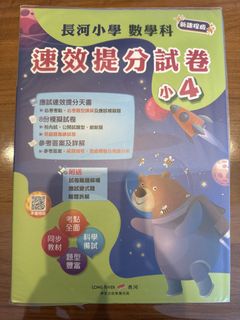 （分類：）位於 。 由 ewls11 提交（商品編號 1456241651，圖片 1）。簡介： 。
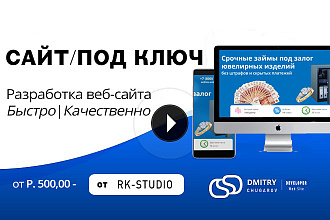 Разработка качественного и уникального Сайта + Админ-панель, Хостинг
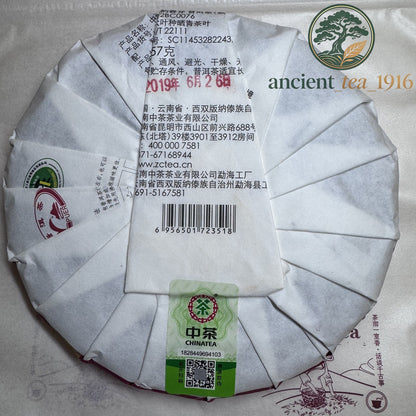 357g Pu'er Tea Ripe Tea Chen Xiang Pu Erh Shu Tea Cake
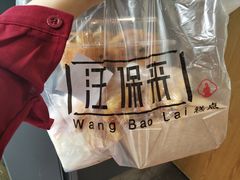 -汪保来(杭州解放路店)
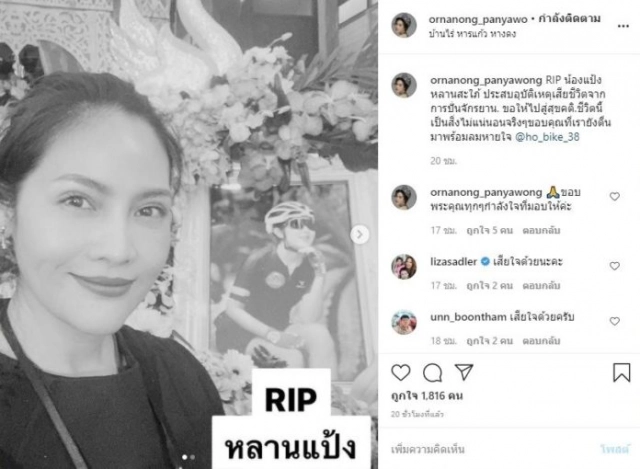 "อรอนงค์" ส่งโพสต์เศร้า "อาลัยหลานรัก" เสียชีวิตขณะไปปั่นจักรยาน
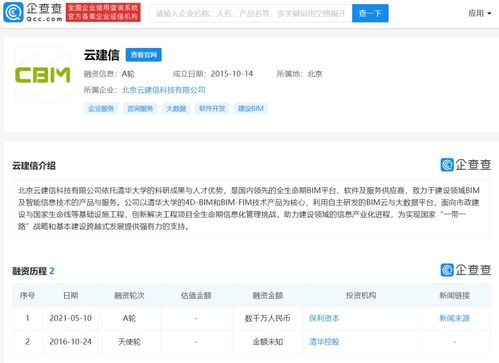 基礎(chǔ)軟件服務(wù) 數(shù)字化時(shí)代的基石與賦能引擎
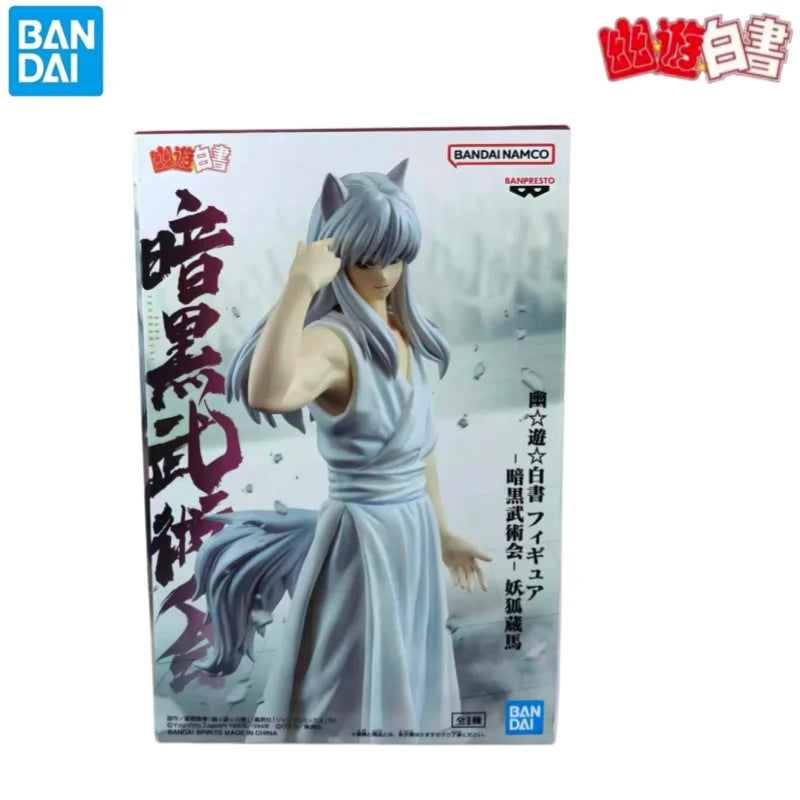 Figura Youko Kurama - Yu Yu Hakusho | Banpresto 16cm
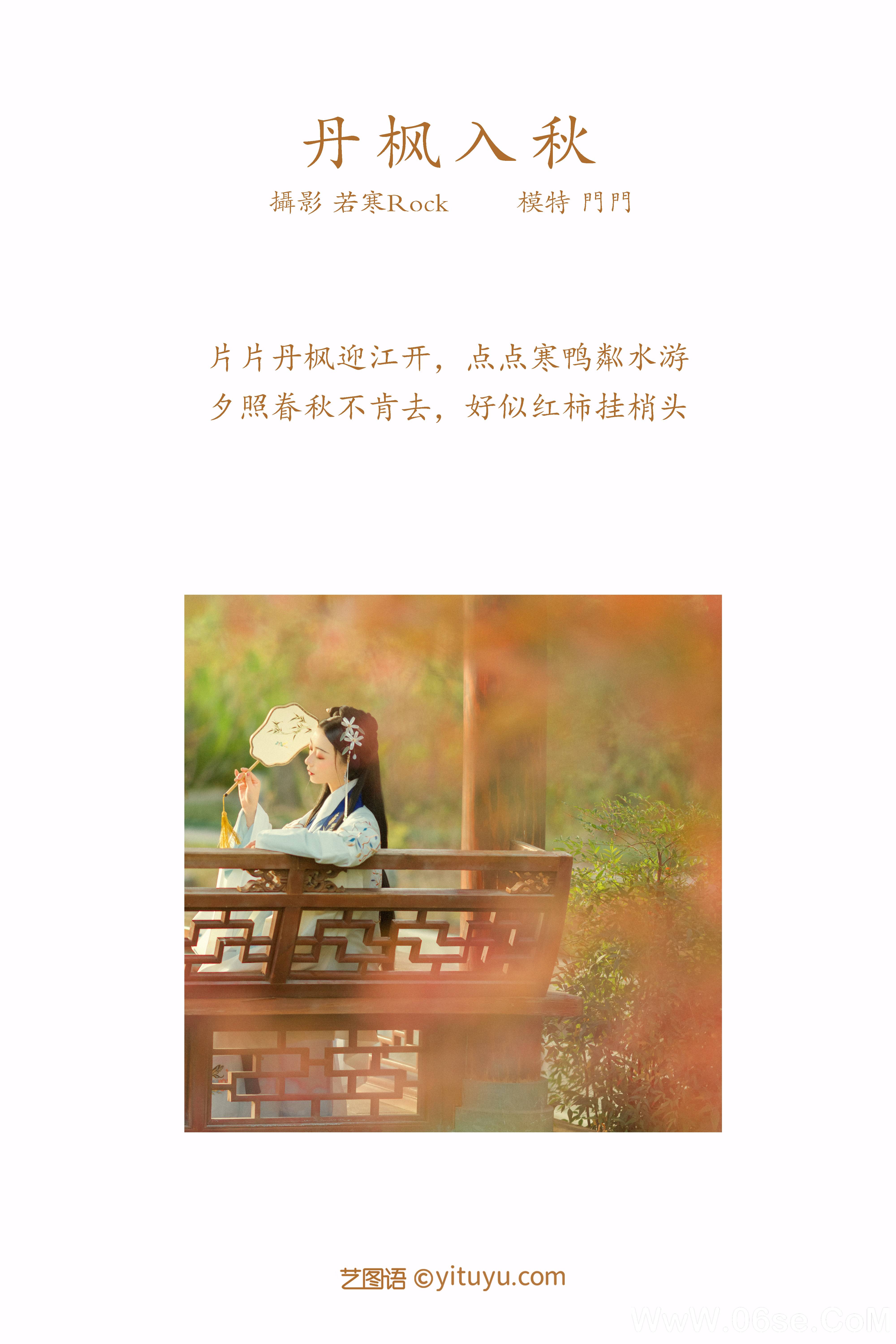 图片[2]-[YITUYU艺图语]2021.09.01 丹枫入秋 门门[27+1P／350MB]-六色网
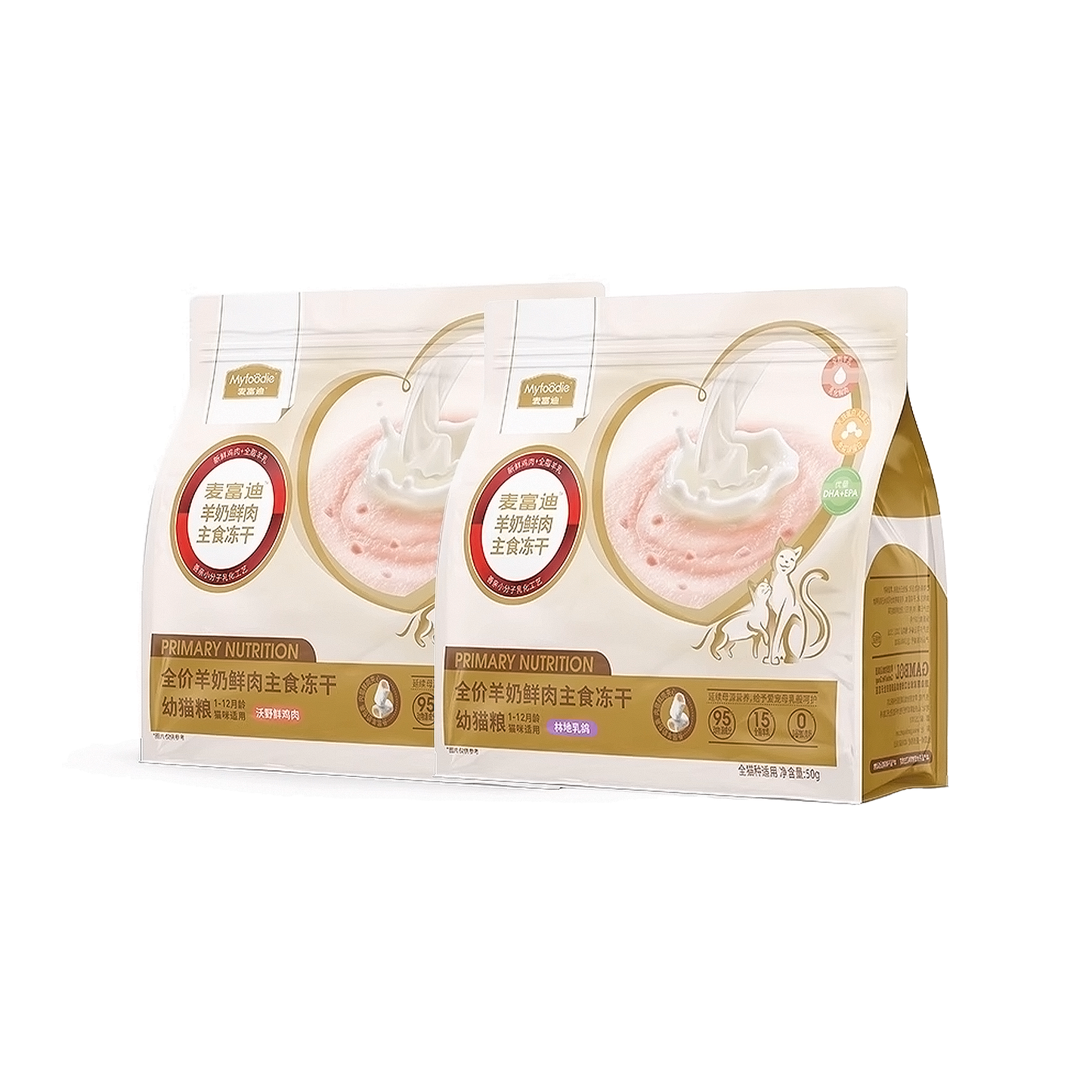 MyFoodie🐱Freeze Dried Goat Milk Complete Kitten Meal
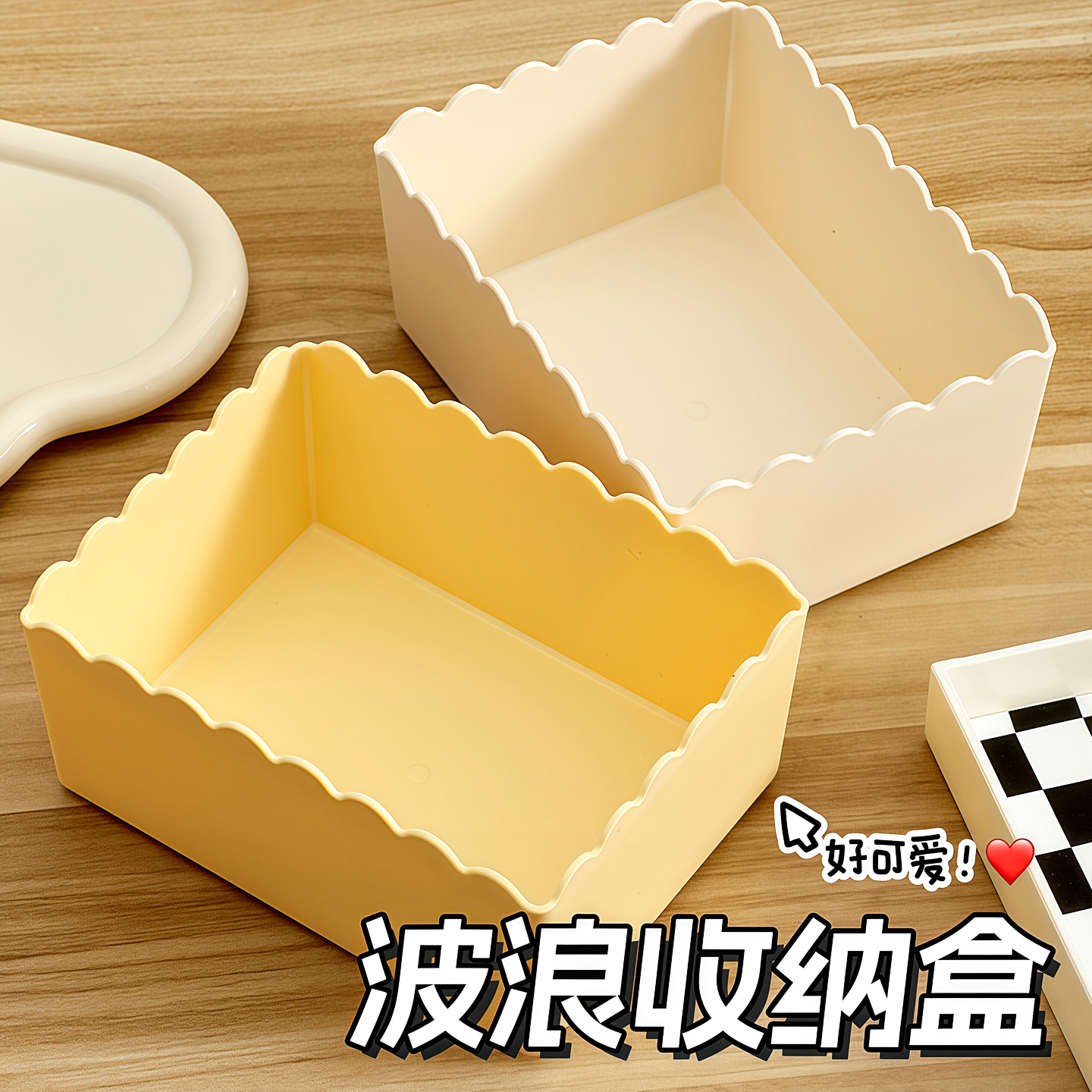 桌面收纳盒化妆品塑料置物盒家用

#### [Work request]
Return exactly the lines above, from the one with "357g Pu'er Tea" up to and including the one with "图片[2]-[YITUYU艺图语]2021.09.01 丹枫入秋 门门[27+1P／350MB]-六色网", and include no pictures.

#### [Exercise solution]
 357g Pu'er Tea Ripe Tea Chen Xiang Pu Erh Shu Tea Cake
 -汪保来(杭州解放路店)
 "อรอนงค์" ส่งโพสต์เศร้า "อาลัยหลานรัก" เสียชีวิตขณะไปปั่นจักรยาน
 基礎(chǔ)軟件服務(wù) 數(shù)字化時(shí)代的基石與賦能引擎
 Figura Youko Kurama - Yu Yu Hakusho | Banpresto 16cm
 图片[2]-[YITUYU艺图语]2021.09.01 丹枫入秋 门门[27+1P／350MB]-六色网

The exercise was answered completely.